Ellinger pushes Mid-Missouri’s redistricting interests
Sunday, April 10, 2011
Cole County Presiding Commissioner Marc Ellinger wasn’t surprised “at all” last week, when the House Redistricting Committee on Tuesday skipped over his proposed map in favor of one proposed by Chairman John Diehl, R-Town and Country.
The Diehl plan was approved by the full House on Wednesday and sent to the Senate.
“We saw the way the House handled the bill, that the fix was in ... it moves forward because the leadership wants it to move forward,” Ellinger said Friday.
“And I don’t think that anybody from this part of the state can look at the map that was approved by the House and say it’s a rational, reasonable or logical map.”
As lawmakers redraw the state’s congressional district lines, to reflect the population changes over the last decade and the loss of one district because Missouri’s population didn’t grow as much as other states, Ellinger’s focused on getting lawmakers to create a Mid-Missouri-based district.
“The interests that we have, obviously, are condensed and confined,” he explained. “People drive to Columbia (and) the Lake of the Ozarks from Cole County, and vice-versa, (and) it’s not considered a long drive. ...
“It’s considered staying local, and that’s the community of interest that the federal law says you’re supposed to take into account.”
Ellinger repeated Friday what he’s said several times: “If there’s not a central Missouri district, it certainly calls into question whether they are legal as they are drawn ... and I think that’s a matter that would end up in the courts.”
He agreed there are those in the Kansas City and St. Louis areas who also may have a legal complaint.
Ellinger is a Republican, lawyer and CPA.
He recently has worked with Rex Sinquefield, a retired multi-millionaire who has been active in some statewide issues, including some controversial ones.
But none of his legal work has any connection with his interest in the redistricting issue, Ellinger said.
He’s in this fight because he’s the presiding commissioner, “trying to do what is best for Cole County. I think that’s the role, and the obligation, of the presiding commissioner.
“And I think, frankly, it’s the role and obligation of our state representatives and the state senator.”
Mid-Missouri Republicans Jay Barnes and Mike Bernskoetter, Jefferson City; Jeanie Riddle, Mokane; Caleb Jones, California; Rodney Schad, Versailles; and Tom Loehner, Koeltztown, all were among the 106 representatives voting for the House-passed plan, while the region’s lone Democrat — Chris Kelly, Columbia — was among the 53 lawmakers voting against it.
The full Senate has yet to take a vote.
“I don’t think they want to put a map on the floor that’s going to get a guaranteed filibuster,” Ellinger said.
Although he’s representing Mid-Missouri’s interests, he has not — yet — met with Boone County, Columbia or other regional officials.

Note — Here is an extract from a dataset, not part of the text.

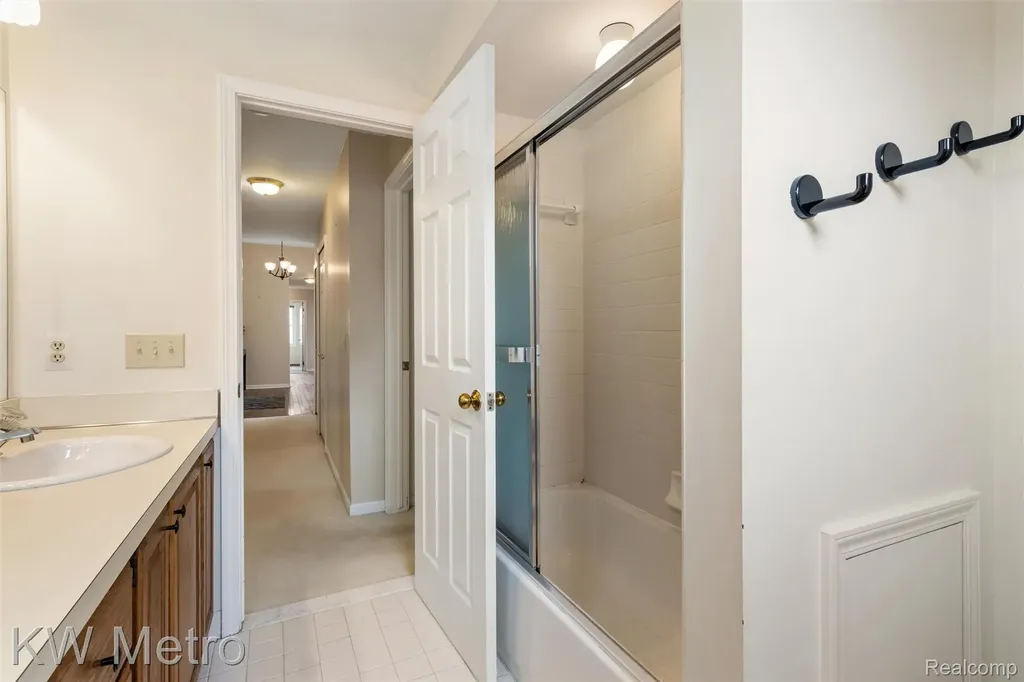 34721 Pembroke Avenue Livonia City MI 48152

“That is something I’m going to do,” Ellinger said, “but, the way this thing played out in the cards, as you well know, it was very fast and very quick — and sometimes it’s more valuable to be nimble than it is to build a huge coalition.”
Still, he agreed, Mid-Missouri businesses and other groups — especially in Jefferson City, Columbia and the Lake of the Ozarks areas — already have been working together on a number of different issues and projects, showing that “we have a community of interest here.”

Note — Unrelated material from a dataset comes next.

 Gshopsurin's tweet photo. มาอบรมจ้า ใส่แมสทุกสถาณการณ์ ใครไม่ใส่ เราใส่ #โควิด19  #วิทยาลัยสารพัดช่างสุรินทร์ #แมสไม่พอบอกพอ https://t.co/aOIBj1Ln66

He added: “I think we as residents of the central part of the state have acknowledged that this is what’s best for all of us, to work together for a number of reasons.
“And congressional representation is just one of them.”

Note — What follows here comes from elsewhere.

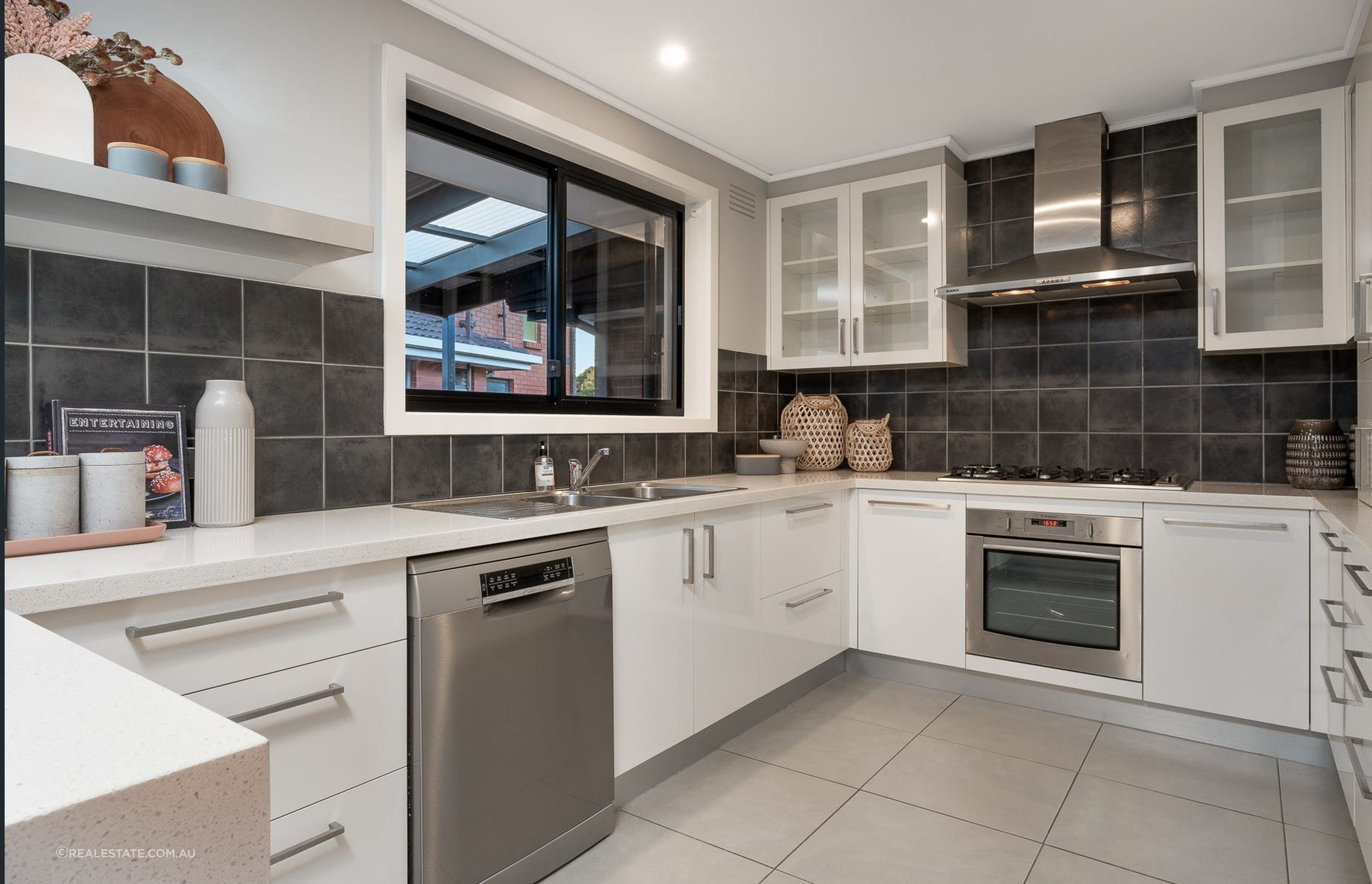 kitchen2-v8.jpg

Boone and Cole counties have not been in the same congressional district since 1981 — the last time the state lost a congressional district.
Ellinger said the region wasn’t hurt by that separation, but “while we were split, neither one of us was a suburb of St. Louis City,” and both Columbia and Jefferson City were “anchor cities” in their separate, mainly rural, districts.
“I firmly believe — and I think it’s hard to dispute — that had we been in a district where we were a small community with a dominant St. Louis majority in the district, we would have been hurt, for sure,” Ellinger explained. “And we can’t allow that to happen as we go forward because ... we’re going to end up getting the short end of the stick.”
Because, he said, a St. Louis area-based member of Congress will be “geared, dominated and controlled by the issues of suburban St. Louis — and we’re not suburban St. Louis.”
Ellinger hopes the Legislature “will come together” on “something that works for everybody. If not — if we can’t get a map out of the Legislature — the next best option is the only option.
“Which is allowing the courts to draw it.”